:: Task inputs ::

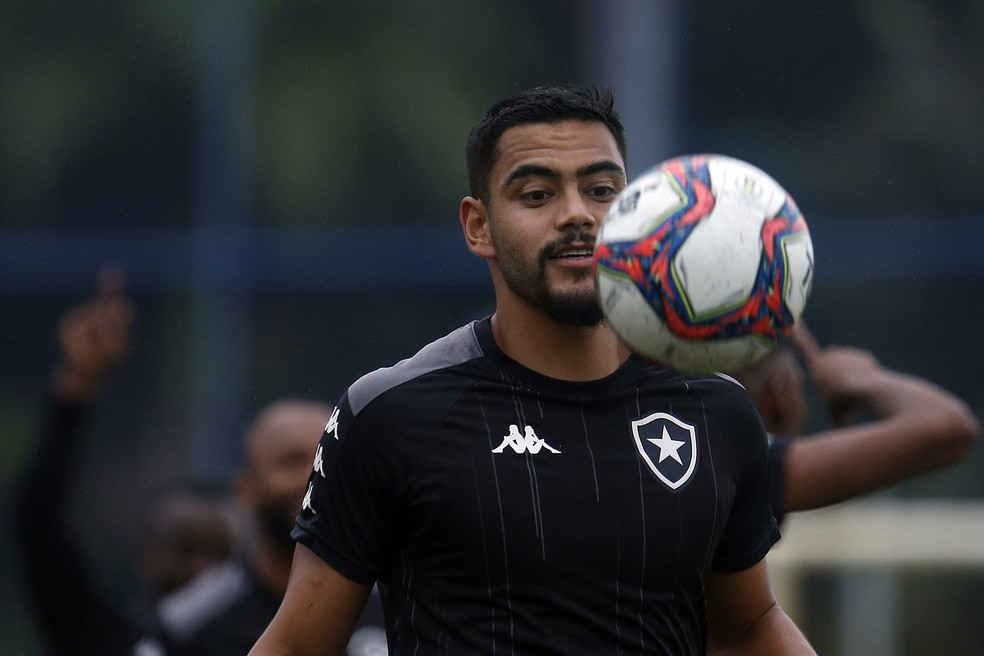 Barreto dominando a bola em treino pelo Botafogo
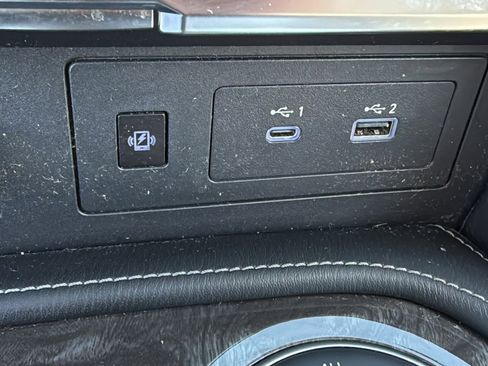 Certified 2021 Nissan Armada Platinum w/ Captain's Chairs Package AWD/4WD image 16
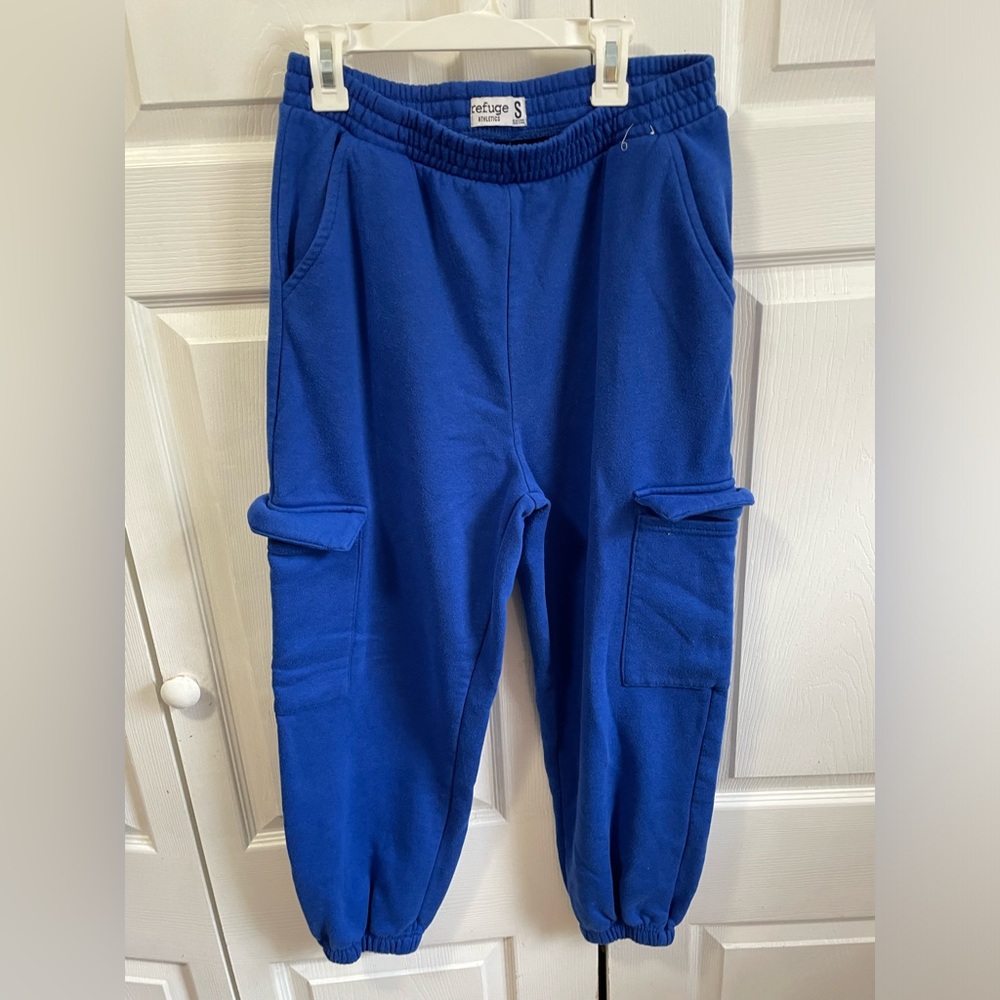 Refuge joggers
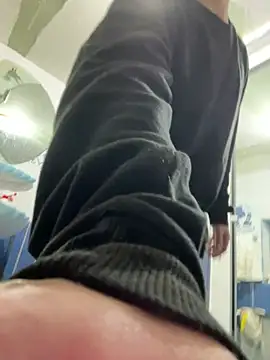 Snapshot of Halffemme chatting on February 27, 2026, 12:16 pm Halffemme online show from February 27, 2026, 12:16 pm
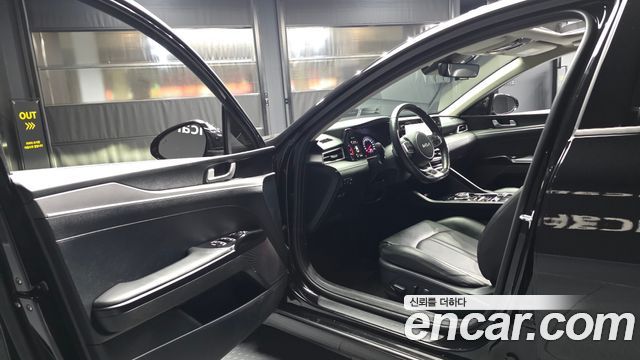 Kia K5 (III) 1.6 Turbo Prestige 2022 — фото 10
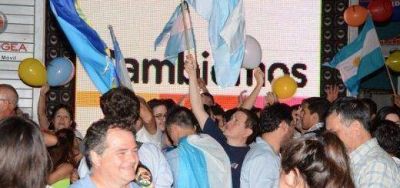 Caravana de globos y euforia del Pro en el centro de Posadas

:::

> [Problem to solve]:
Where the data contains images, drop them and print the rest exactly.

> [Exercise answer]:
 Barreto dominando a bola em treino pelo Botafogo
 Certified 2021 Nissan Armada Platinum w/ Captain's Chairs Package AWD/4WD image 16
 Refuge joggers
 Snapshot of Halffemme chatting on February 27, 2026, 12:16 pm Halffemme online show from February 27, 2026, 12:16 pm
 Kia K5 (III) 1.6 Turbo Prestige 2022 — фото 10
 Caravana de globos y euforia del Pro en el centro de Posadas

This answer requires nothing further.